Although I have never really gotten into a lot of the “traditional male” crap like cars and guns, I have been a committed sports fan for as long as I can remember. And although I abandoned my home city of Boston a decade and a half ago, and in most respects hold very little (if any) allegiance to its provincial, bean-eating ways, I have continued to support its professional sports teams even as I’ve walked in the shadow of the valley of the New York Yankees and Los Angeles Lakers in my more recent homes of NYC and LA. So I tend to view the beginning of the various sports’ seasons with excitement — it’s my opportunity to plunge, once again, into an oversimplified world of Right and Wrong, where many of the complexities and moral ambiguities of the real world melt away once my chosen gladiators step inside the lines of their field/court, and where acts of individual and team heroism and glory can be reasonably expected on a somewhat regular basis. There’s a wonderful Seamus Heaney poem called “Markings” that describes, far more articulately, what I’m getting at: how the protagonist children marked out the field with four jackets, picked the teams, “and crossed the line the called names drew between us.”

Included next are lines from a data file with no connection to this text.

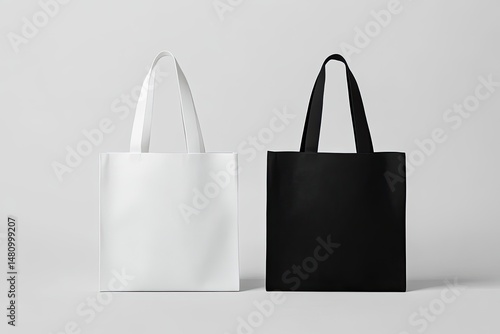 Two simple tote bags, one white and one black, positioned side-by-side on a neutral background.  The bags feature sturdy handles and a rectangular shape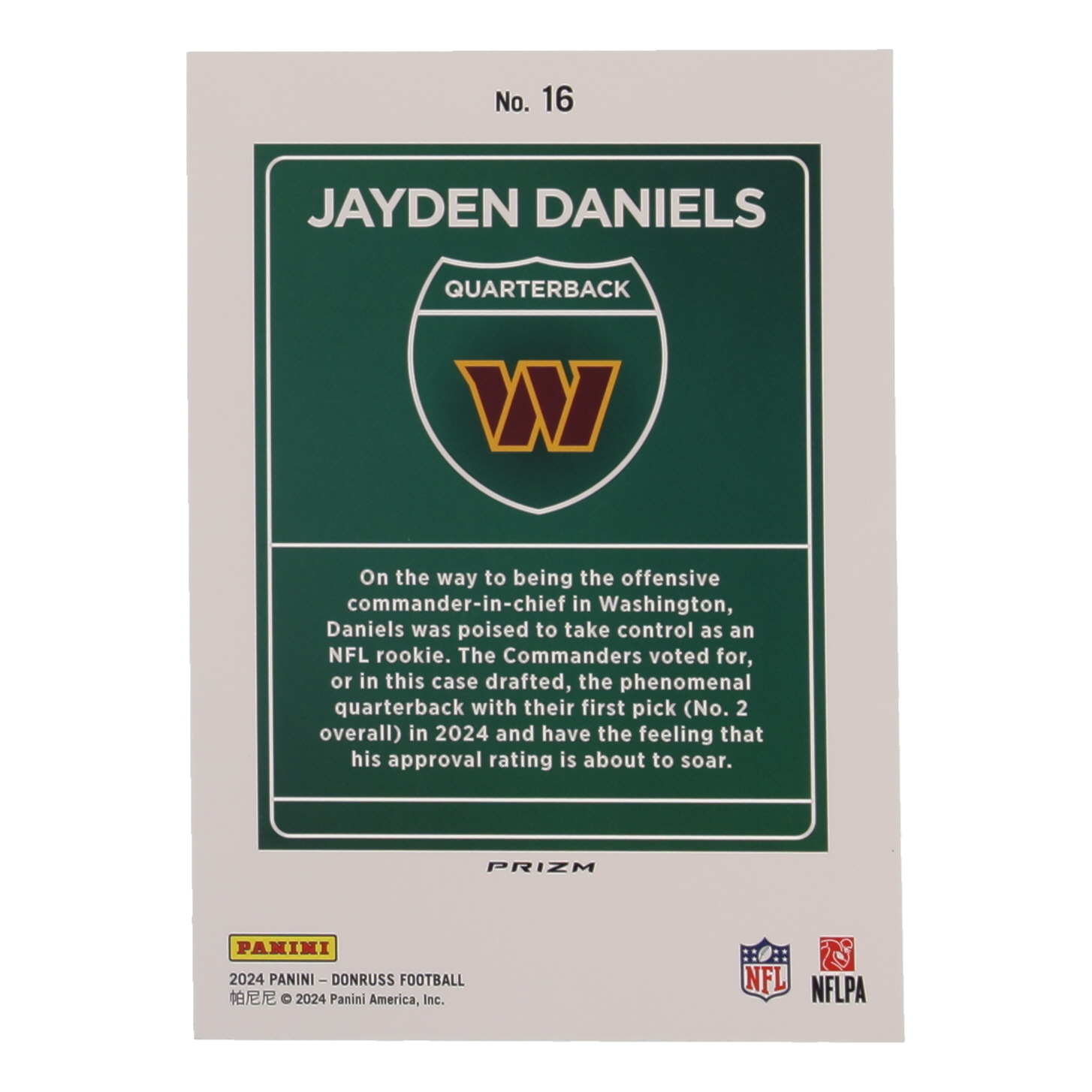 Jayden Daniels 2024 Panini Donruss Football Oversized Downtown Jumbo #16 RC at PristineAuction.com Jayden Daniels 2024 Panini Donruss Football Oversized Downtown Jumbo #16 RC at PristineAuction.com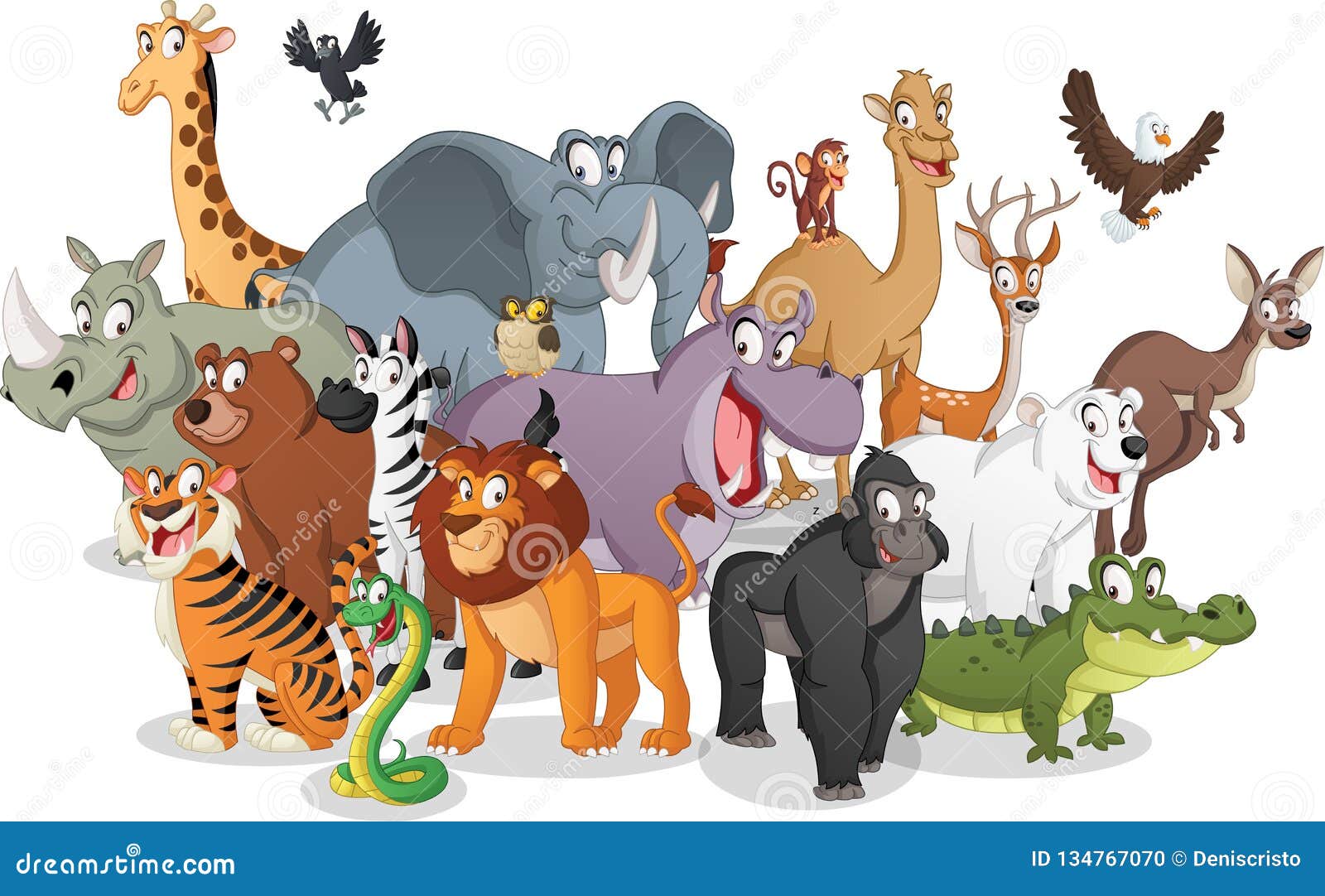 Group of Cartoon Animals. Vector Illustration of Funny Happy Animals Stock  Vector - Illustration of animals, hump: 134767070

Today marks the beginning of the National Football League season, so I sat down with my morning coffee and “aimed my browser” straight for some of the standard sports sites like www.espn.com to revel in the collective excitement over the start of the season. But I ran into a disturbing problem, one that has been haunting me more and more of late: all anybody wants to write or talk about is their “fantasy leagues” — that is, an entirely distinct “game” in which people “draft” their own professional players from a mix of different teams, and then compete against other such fake “teams” based on the individual statistics compiled by the players they’ve drafted. The appeal, I suppose, is that the person gets to be his own (and lets not even bother to pretend that more than 1% of these people are women) “general manager” by “drafting” these players, and then trading them with his “fellow general managers.” But the whole thing has always really bummed me out. Partly I think it’s the way that, by reducing the games to the individual statistics of individual players, it ignores the “whole is greater than the sum of its parts” aspect that often means the difference between victory and defeat, and which makes sports so particularly interesting to me. But beyond that, it seems like the craziest folly to take these overblown spectacles that are themselves utterly divorced from the real world and its problems, and then derive from that something called “fantasy.” The games themselves are already fantasy! Isn’t it enough to be a fan of your team, and watch people who have actually made careers of this (whether as players, coaches, or team-builders) try to overcome your collective rivals? Is it really necessary to create an extra layer of fakeness out of that in order to feel “in control”?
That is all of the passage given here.